[Data shown — start]

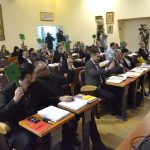 gradsko vijece30004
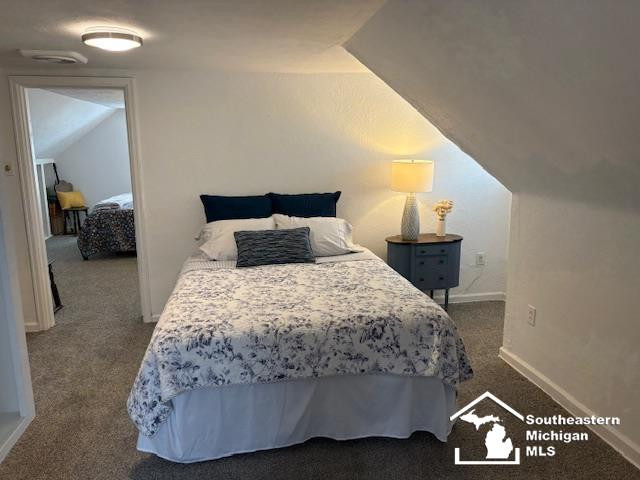 6748 Green Road, MI 49267 — Photo 13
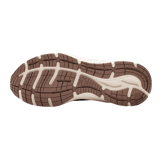 Mizuno Pi Retro Low Brown Angle 3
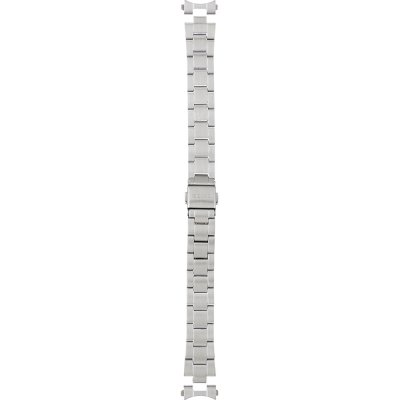 Seiko Straps Collection M10C113J0 SUR349P1 Strap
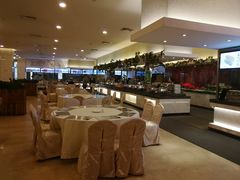 -中家鑫园温泉酒店鑫悦汤泉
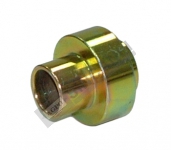 Bushing-Servo Steering Cyl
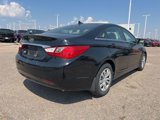 Used 2011 Hyundai Sonata GLS image 6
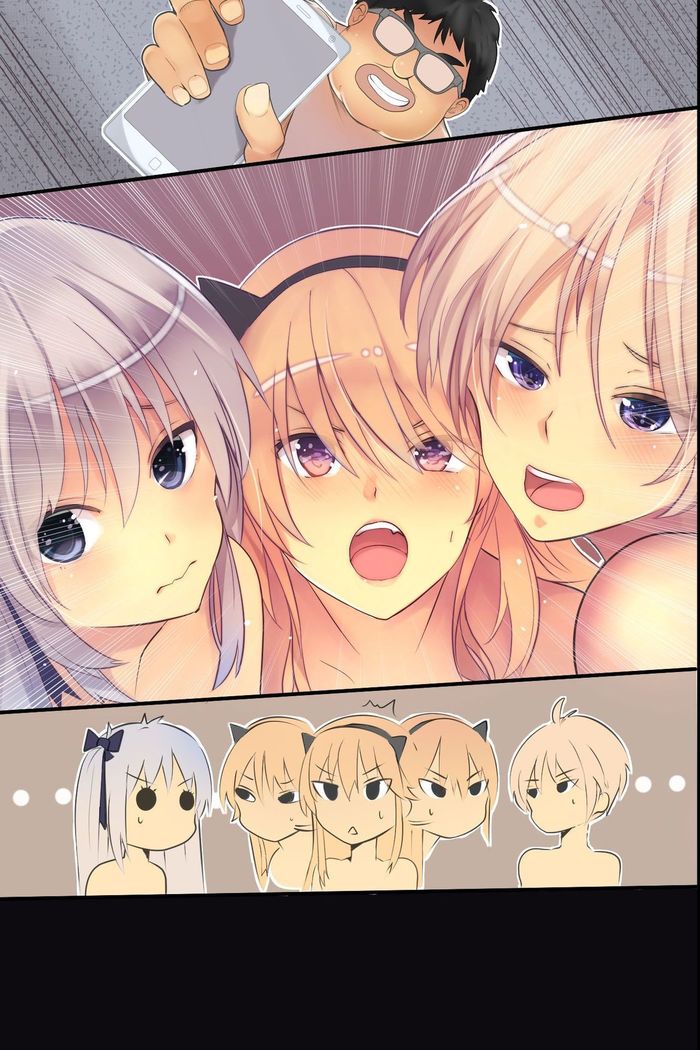 Ningen Ayatsuri Sumaho ~ Kyousei Control de Ana Choukyou de Namaiki Onna wo Juujun Sefure ni Kaizou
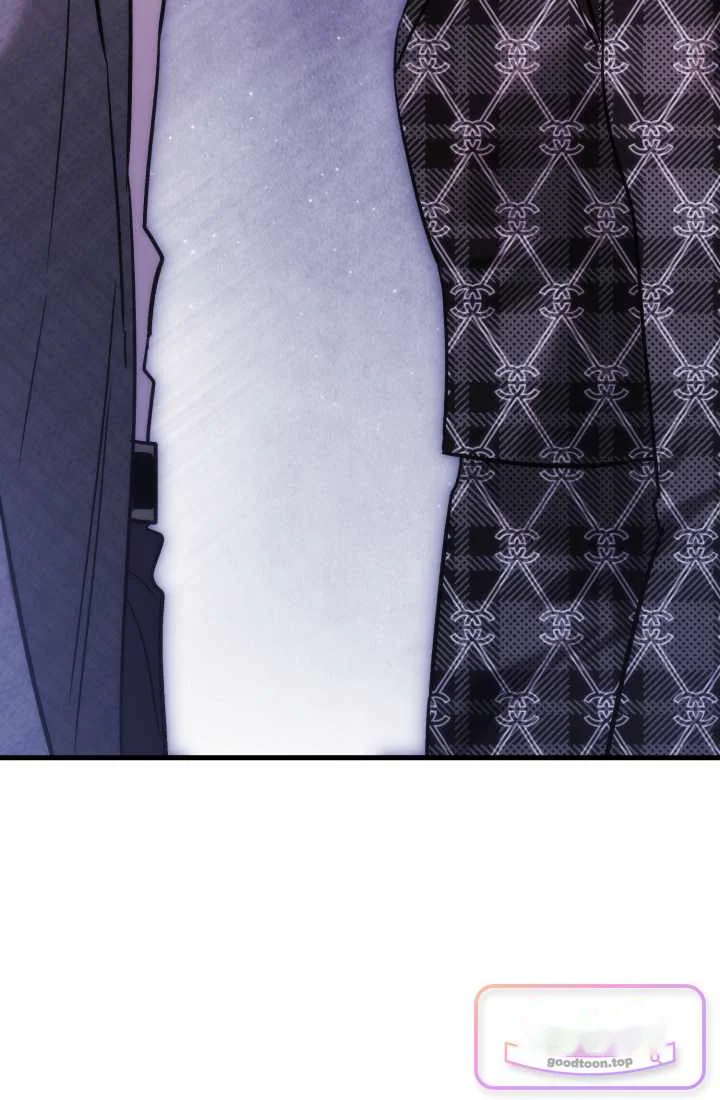 Because Its A Bed Scene Chapter 47 - Page 4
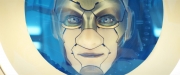 Filename=extant_StarTrekDiscovery_2x09-ProjectDaedalus_01330.jpg
Filesize=118KiB
Dimensions=1920x800
Date added=Dec 09, 2019 extant_StarTrekDiscovery_2x09-ProjectDaedalus_01330.jpg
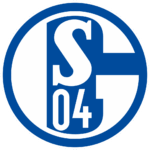 FC_Schalke_04_Logo.svg_.png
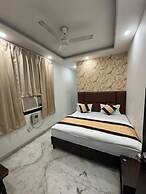 Hotel Unique International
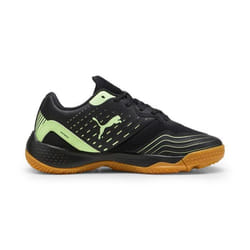Chaussures indoor enfant Puma Solarflash III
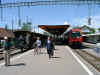 Hinwil.jpg (100229 Byte)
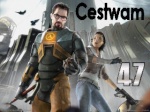 cestwam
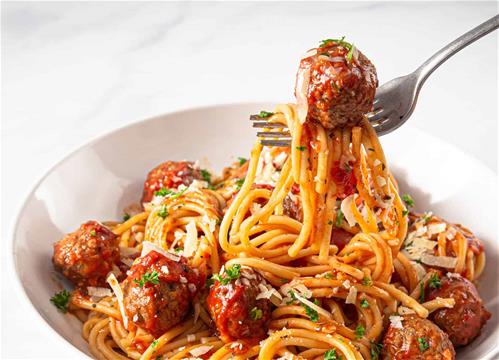 instant-pot-spaghetti-and-meatballs.jpg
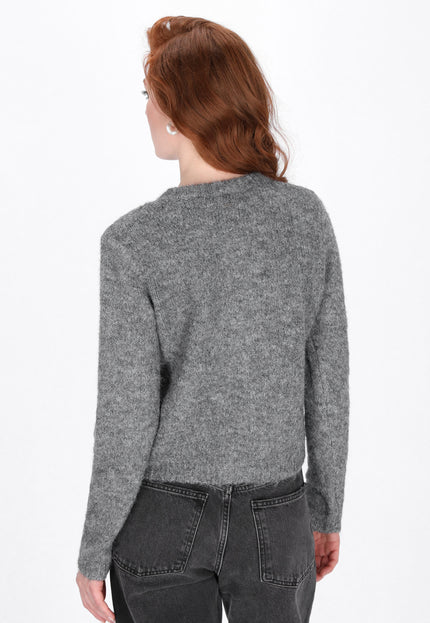 DreiMaster Vintage Women's Cardigan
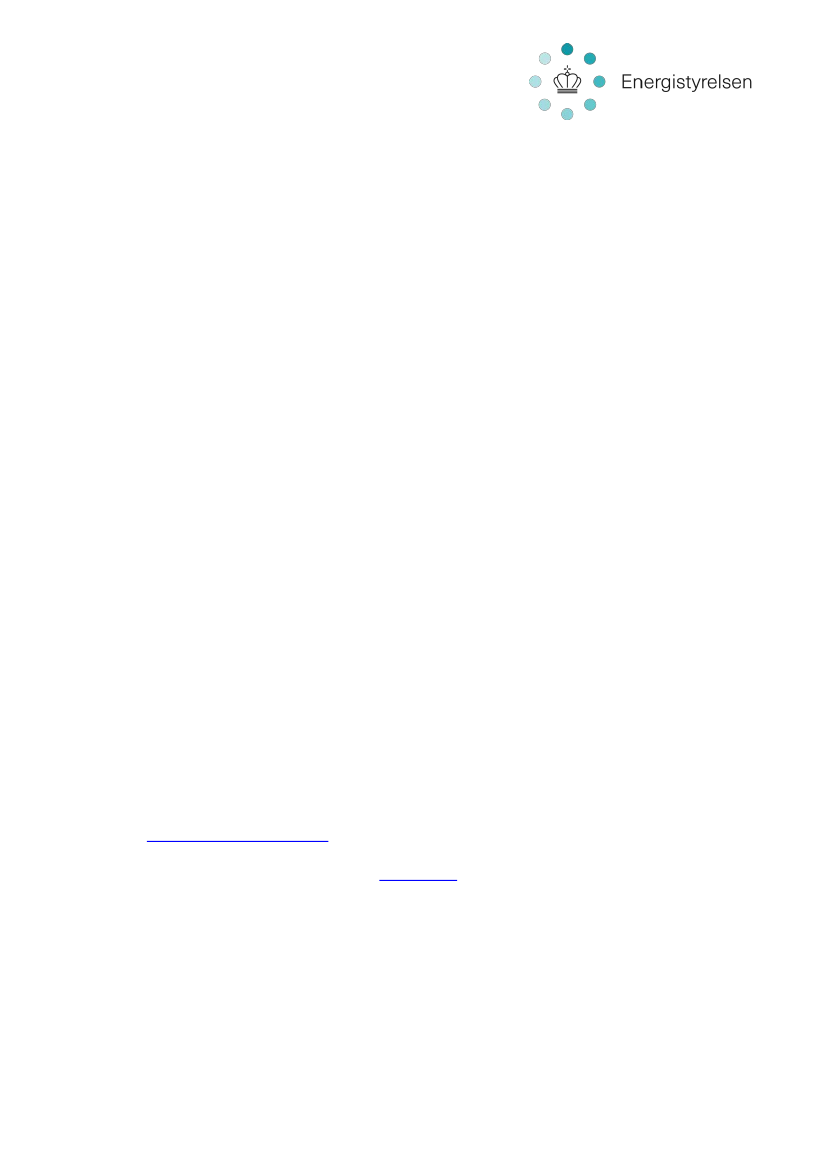 2355655_0029.png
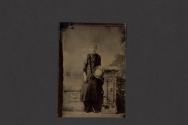Alvena Anna (King) Gerring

[Data shown — finish]

■ Requirement ■
Leave the pictures out and return each entry exactly.

■ Solution to this exercise ■
 gradsko vijece30004
 6748 Green Road, MI 49267 — Photo 13
 Mizuno Pi Retro Low Brown Angle 3
 Seiko Straps Collection M10C113J0 SUR349P1 Strap
 -中家鑫园温泉酒店鑫悦汤泉
 Bushing-Servo Steering Cyl
 Used 2011 Hyundai Sonata GLS image 6
 Ningen Ayatsuri Sumaho ~ Kyousei Control de Ana Choukyou de Namaiki Onna wo Juujun Sefure ni Kaizou
 Because Its A Bed Scene Chapter 47 - Page 4
 Filename=extant_StarTrekDiscovery_2x09-ProjectDaedalus_01330.jpg
Filesize=118KiB
Dimensions=1920x800
Date added=Dec 09, 2019 extant_StarTrekDiscovery_2x09-ProjectDaedalus_01330.jpg
 FC_Schalke_04_Logo.svg_.png
 Hotel Unique International
Chaussures indoor enfant Puma Solarflash III
 Hinwil.jpg (100229 Byte)
 cestwam
 instant-pot-spaghetti-and-meatballs.jpg
 DreiMaster Vintage Women's Cardigan
 2355655_0029.png
Alvena Anna (King) Gerring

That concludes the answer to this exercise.